■ **Required work**
In how many lines of the records does the string "with" appear? State only the number.

■ **Data listing**
>>>>>
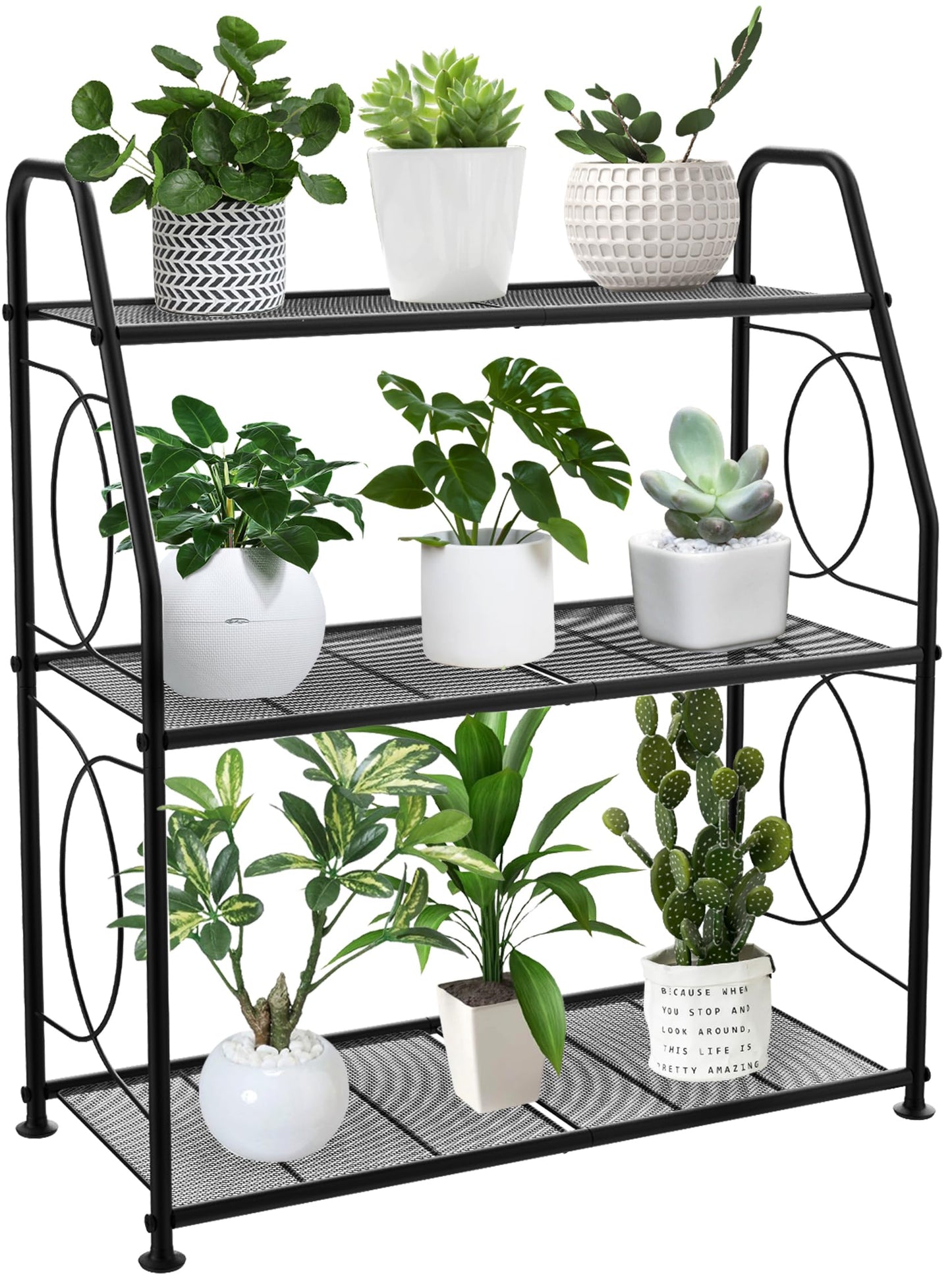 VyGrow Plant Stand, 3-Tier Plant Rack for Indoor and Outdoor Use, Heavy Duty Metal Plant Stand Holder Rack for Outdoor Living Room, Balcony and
<<<<<
>>>>>
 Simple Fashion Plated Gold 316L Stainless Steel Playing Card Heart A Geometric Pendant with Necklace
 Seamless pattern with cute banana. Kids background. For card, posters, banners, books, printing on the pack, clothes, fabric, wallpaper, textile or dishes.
<<<<<
>>>>>
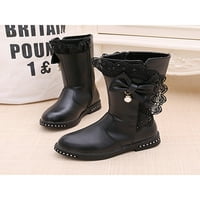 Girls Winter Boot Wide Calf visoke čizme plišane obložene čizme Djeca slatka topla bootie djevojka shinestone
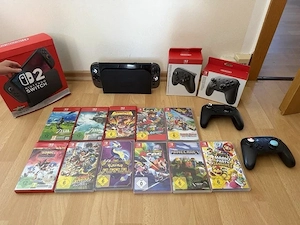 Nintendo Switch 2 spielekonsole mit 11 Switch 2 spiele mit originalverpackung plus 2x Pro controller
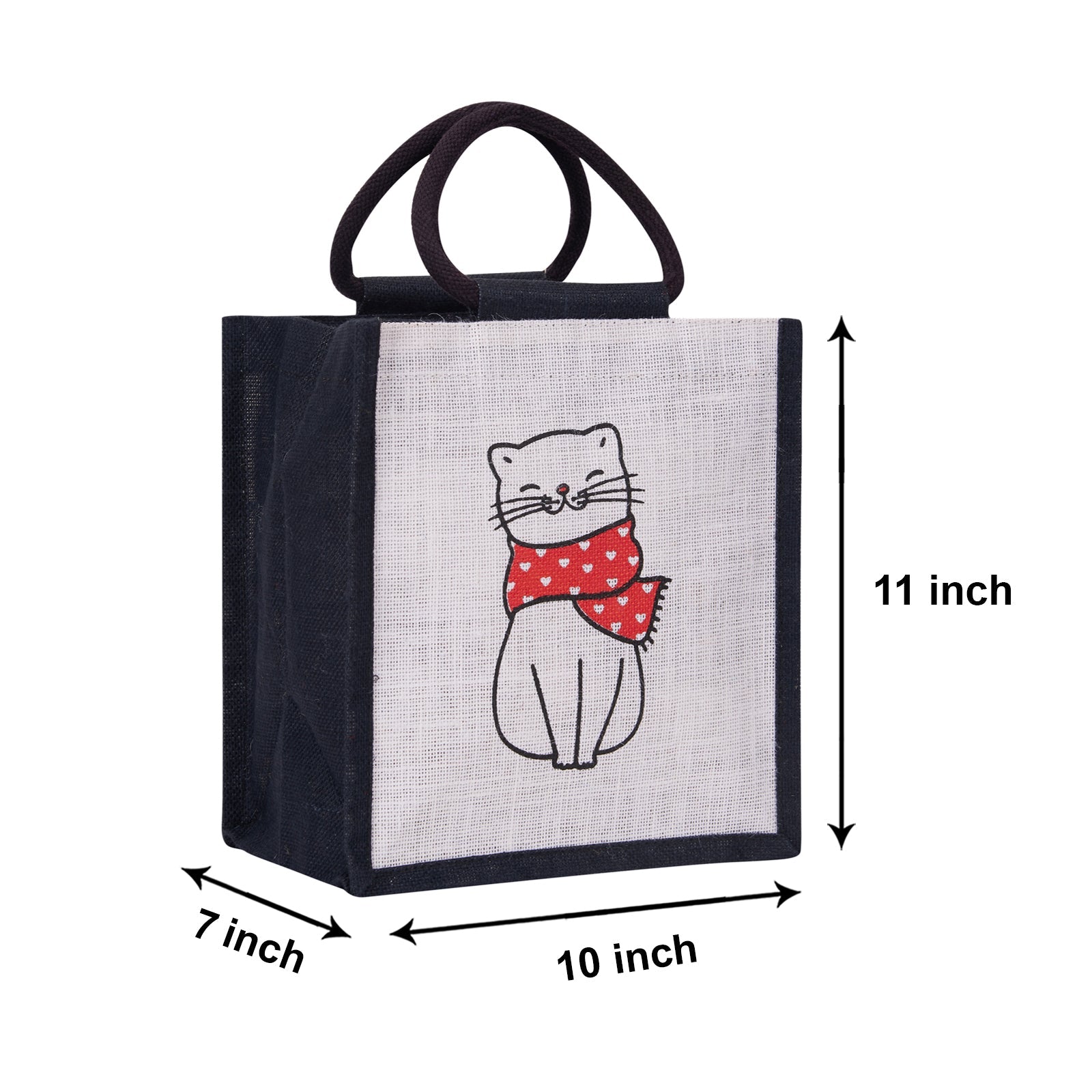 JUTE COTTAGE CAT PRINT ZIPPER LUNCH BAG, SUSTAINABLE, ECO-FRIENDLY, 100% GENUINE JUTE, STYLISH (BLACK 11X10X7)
<<<<<
■ **Response**
2